WORK TO COMPLETE –
Everything in the listing below must be reproduced exactly, apart from its images.

[[ SUPPLIED MATERIAL open ]]

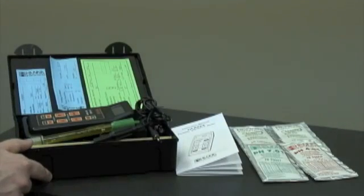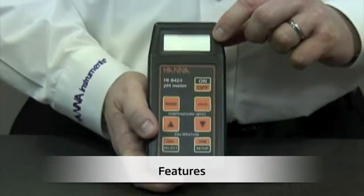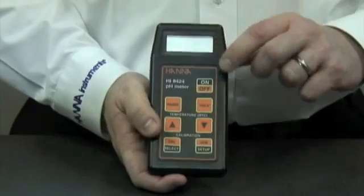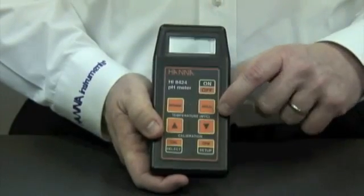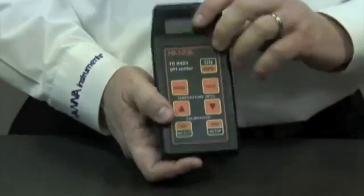Now I'd like to show you some features of the unit. Here we have the LCD display which shows pH, millivolt, and temperature in either Celsius or Fahrenheit, the on-off button, the range button, the hold button that will hold the readings, temperature buttons for manual temperature compensation, calibration button, and setup button.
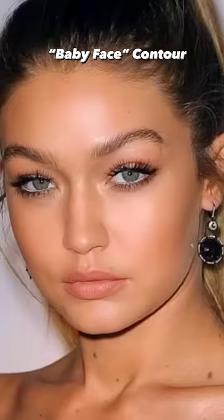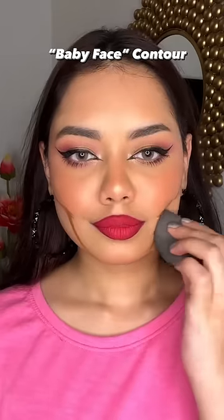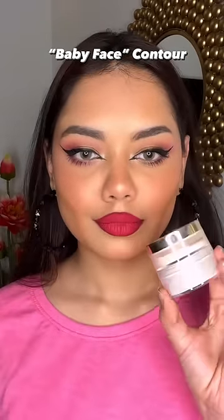How do you do baby face contour? Baby face is the one whose cheeks are a bit fuller, so you have to take a contour and put it in this shape. You can also put it on the contouring stick and blend it. I already saw a big difference — I am so shocked, my cheeks are not like that after that.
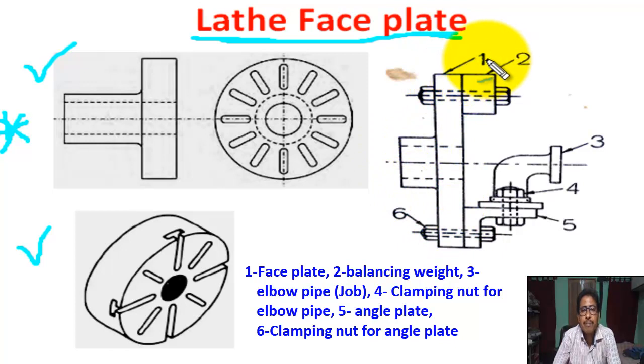Number 1 is the faceplate. Number 2 is the balancing weight. Number 3 is the job — an elbow pipe. Number 5 is the angle plate. We know the faceplate works with the help of an angle plate, nut, bolt, etc. Number 4 is the clamping nut for the elbow pipe.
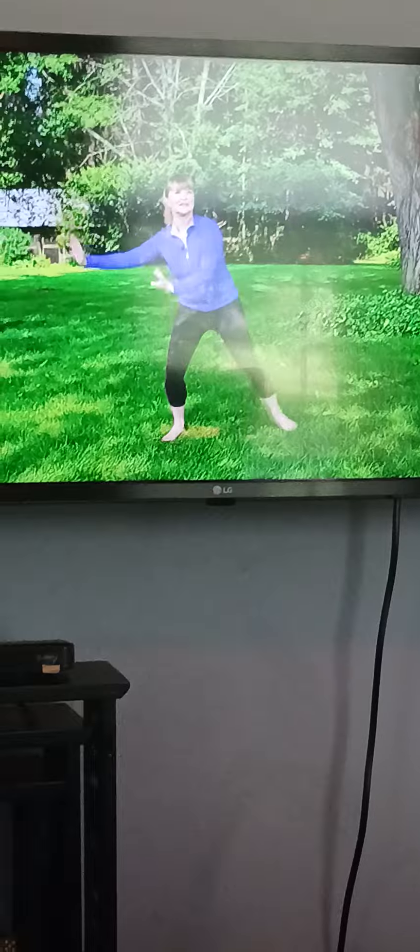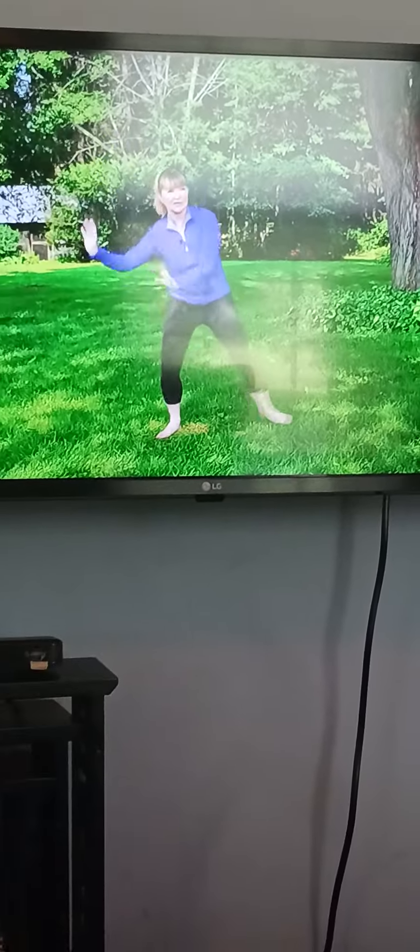Down, up, up. Down, up, up. Really keep those arms relaxed. Get them higher. Keep your legs bent and straight. Good.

[[ SUPPLIED MATERIAL closed ]]

EXERCISE OUTPUT –
Now I'd like to show you some features of the unit. Here we have the LCD display which shows pH, millivolt, and temperature in either Celsius or Fahrenheit, the on-off button, the range button, the hold button that will hold the readings, temperature buttons for manual temperature compensation, calibration button, and setup button.
How do you do baby face contour? Baby face is the one whose cheeks are a bit fuller, so you have to take a contour and put it in this shape. You can also put it on the contouring stick and blend it. I already saw a big difference — I am so shocked, my cheeks are not like that after that.
Number 1 is the faceplate. Number 2 is the balancing weight. Number 3 is the job — an elbow pipe. Number 5 is the angle plate. We know the faceplate works with the help of an angle plate, nut, bolt, etc. Number 4 is the clamping nut for the elbow pipe.
Down, up, up. Down, up, up. Really keep those arms relaxed. Get them higher. Keep your legs bent and straight. Good.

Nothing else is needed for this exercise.